# drfsc
[](https://opensource.org/licenses/MIT)
version: 0.0.6
An open-source library for a distributed randomised feature selection and classification algorithm.
## Authors and Contributors:
[Mark Chiu Chong](https://github.com/markcc309), [Aida Brankovic](https://github.com/aibrank).
## Overview
`drfsc` is an open-source Python implementation of the Distributed Randomised Feature Selection algorithm for Classification problems (D-RFSC). Beside addressing some of the shortcomings of the conventional FS method, its good performance has previously been shown on a range of benchmark datasets. However, to date no Python implementation is available. `drfsc` offers an easy to use, parallelized probabilistic population-based feature selection scheme that is flexible and can be adapted to a wide range of binary classification problems and is particularly useful for large data problems where model interpretability and model explainability is of high importance. It provides modules for model fitting, evaluation, and visualization. Tutorial notebooks are provided to demonstrate the use of the package.
## Installation
The easiest way to install is from PyPI: just use
`pip install drfsc`
## License
We invite anyone interested to use and modify this code under a MIT license.
## Dependencies
`drfsc` depends on the following packages:
- [numpy](https://numpy.org/)
- [pandas](https://pandas.pydata.org/)
- [matplotlib](https://matplotlib.org/)
- [scikit-learn](https://scikit-learn.org/stable/)

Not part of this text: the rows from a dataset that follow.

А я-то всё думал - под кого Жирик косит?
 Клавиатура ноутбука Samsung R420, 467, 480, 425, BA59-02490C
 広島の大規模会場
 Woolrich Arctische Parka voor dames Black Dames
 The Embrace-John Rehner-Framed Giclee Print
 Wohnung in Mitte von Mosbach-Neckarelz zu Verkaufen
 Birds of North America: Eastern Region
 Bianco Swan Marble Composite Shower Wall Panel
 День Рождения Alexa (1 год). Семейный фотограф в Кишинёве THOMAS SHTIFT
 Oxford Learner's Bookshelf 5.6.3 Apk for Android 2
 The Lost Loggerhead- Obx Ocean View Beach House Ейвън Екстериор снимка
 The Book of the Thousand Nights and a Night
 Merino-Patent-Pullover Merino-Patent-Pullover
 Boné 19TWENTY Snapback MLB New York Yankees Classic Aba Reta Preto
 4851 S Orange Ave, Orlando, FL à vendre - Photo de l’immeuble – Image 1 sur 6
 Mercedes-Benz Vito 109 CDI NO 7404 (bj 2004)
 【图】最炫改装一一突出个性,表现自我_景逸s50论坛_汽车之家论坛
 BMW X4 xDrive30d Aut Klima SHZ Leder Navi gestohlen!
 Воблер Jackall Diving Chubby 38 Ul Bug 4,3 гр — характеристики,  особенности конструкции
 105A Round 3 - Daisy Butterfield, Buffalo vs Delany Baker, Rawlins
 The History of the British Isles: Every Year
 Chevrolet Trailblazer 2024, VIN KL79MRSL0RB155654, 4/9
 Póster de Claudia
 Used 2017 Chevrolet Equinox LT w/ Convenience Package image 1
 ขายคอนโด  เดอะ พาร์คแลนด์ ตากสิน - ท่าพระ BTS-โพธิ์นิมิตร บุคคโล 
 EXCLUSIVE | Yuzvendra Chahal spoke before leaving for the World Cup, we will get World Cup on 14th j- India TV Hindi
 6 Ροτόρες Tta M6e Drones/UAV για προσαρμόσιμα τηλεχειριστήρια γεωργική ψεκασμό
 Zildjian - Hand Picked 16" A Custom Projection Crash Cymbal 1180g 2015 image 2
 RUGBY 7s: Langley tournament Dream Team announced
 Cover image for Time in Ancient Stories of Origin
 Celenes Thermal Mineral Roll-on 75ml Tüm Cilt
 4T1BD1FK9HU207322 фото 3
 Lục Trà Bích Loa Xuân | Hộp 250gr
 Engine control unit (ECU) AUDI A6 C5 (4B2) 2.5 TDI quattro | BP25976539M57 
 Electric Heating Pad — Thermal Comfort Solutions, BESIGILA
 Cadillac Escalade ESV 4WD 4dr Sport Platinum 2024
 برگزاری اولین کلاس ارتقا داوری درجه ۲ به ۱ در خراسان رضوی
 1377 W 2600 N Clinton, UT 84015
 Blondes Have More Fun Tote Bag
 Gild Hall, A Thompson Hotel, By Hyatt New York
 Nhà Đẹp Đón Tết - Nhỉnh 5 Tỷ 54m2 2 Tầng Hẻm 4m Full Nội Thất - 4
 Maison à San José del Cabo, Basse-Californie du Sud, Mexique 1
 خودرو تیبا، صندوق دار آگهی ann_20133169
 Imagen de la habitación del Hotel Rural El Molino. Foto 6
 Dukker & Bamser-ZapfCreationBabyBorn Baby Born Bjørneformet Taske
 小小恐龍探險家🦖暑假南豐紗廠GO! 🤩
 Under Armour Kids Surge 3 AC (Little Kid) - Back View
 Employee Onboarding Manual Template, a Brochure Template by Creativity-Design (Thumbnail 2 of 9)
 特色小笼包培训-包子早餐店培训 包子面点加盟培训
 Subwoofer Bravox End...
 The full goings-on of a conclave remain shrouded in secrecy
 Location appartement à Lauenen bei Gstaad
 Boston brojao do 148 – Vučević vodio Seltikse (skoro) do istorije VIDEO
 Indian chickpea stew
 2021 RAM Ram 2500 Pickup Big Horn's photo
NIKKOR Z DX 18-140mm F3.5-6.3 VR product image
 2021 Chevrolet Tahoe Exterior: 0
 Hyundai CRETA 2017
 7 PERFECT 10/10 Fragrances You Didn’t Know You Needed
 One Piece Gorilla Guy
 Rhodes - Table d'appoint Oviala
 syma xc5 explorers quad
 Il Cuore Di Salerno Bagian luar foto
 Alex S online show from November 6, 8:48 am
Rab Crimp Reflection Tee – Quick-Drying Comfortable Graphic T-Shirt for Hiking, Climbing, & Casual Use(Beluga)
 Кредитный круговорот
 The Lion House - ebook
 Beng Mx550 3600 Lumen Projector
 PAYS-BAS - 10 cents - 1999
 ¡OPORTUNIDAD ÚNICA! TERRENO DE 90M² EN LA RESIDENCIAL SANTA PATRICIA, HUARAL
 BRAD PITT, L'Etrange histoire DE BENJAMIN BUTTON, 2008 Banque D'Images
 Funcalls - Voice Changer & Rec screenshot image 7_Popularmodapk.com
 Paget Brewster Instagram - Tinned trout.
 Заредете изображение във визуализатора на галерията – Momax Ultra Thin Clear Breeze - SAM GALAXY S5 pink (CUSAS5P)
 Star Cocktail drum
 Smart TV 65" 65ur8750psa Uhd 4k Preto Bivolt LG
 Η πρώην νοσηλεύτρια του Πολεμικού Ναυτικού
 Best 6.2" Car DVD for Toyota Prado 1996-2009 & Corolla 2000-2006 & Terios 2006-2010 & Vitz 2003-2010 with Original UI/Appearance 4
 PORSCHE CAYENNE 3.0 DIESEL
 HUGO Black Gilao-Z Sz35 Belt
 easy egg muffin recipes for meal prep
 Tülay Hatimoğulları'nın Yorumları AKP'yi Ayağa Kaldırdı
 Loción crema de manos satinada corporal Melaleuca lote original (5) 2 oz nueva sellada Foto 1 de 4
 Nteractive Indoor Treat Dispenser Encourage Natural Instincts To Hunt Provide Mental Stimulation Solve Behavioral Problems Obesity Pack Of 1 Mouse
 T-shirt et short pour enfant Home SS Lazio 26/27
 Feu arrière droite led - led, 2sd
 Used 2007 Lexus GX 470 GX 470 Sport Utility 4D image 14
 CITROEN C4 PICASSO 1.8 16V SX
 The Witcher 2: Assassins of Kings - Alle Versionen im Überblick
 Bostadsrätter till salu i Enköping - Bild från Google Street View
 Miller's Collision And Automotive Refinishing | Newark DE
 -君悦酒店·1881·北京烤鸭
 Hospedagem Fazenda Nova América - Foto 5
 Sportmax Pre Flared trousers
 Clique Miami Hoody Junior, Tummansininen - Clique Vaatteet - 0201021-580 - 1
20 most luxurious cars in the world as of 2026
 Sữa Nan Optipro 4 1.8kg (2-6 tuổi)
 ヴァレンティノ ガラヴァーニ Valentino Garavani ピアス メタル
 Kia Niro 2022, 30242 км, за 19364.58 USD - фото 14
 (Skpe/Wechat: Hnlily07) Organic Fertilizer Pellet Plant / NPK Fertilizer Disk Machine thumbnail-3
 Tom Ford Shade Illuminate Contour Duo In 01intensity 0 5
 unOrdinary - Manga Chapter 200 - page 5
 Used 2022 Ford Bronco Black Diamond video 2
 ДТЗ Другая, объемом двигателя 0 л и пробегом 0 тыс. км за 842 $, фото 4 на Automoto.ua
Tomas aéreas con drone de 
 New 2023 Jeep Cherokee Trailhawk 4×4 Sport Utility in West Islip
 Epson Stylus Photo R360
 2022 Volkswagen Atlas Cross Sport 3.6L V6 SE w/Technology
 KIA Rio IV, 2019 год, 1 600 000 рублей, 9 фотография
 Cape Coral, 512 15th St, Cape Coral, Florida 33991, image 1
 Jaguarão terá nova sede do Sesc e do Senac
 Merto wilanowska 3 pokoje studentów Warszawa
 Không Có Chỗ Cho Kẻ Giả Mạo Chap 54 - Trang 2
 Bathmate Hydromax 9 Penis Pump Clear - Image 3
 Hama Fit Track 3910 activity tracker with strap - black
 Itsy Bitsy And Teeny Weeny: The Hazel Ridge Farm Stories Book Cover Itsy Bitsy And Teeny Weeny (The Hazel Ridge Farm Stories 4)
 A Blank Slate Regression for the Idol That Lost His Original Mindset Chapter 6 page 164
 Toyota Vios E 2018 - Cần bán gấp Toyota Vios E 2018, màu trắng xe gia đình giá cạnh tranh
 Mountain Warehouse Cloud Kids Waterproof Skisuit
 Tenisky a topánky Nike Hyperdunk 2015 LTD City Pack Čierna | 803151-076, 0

- [statsmodels](https://www.statsmodels.org/stable/index.html)
## References
The package has been developed based on research that came out of the Polytechnical University of Milan. The interested reader is referred to [2] for details related to the distribution procedure, and to [1] for a more thorough mathematical overview and for experimental comparisons to various alternate feature selection methods.
[1] Brankovic, A., Falsone, A., Prandini, M., Piroddi, L. (2018). [A feature selection and classification algorithm based on randomized extraction of model populations](https://doi.org/10.1109/tcyb.2017.2682418)
[2] Brankovic, A., Piroddi, L. (2019). [A distributed feature selection scheme with partial information sharing](https://doi.org/10.1007/s10994-019-05809-y)
## Citations
This package is developed in CSIRO’s Australian e-Health Research Centre. If you use `drfsc` package in your research we would appreciate a citation to the appropriate paper(s):
- For general use of `drfsc` package you can read/cite the original article.
- For information/use of the Randomised Feature Selection and classification concept you can read/cite original article [1].
- For information/use of the Distributed Feature Selection architecture with partial information you can read/cite original article [2].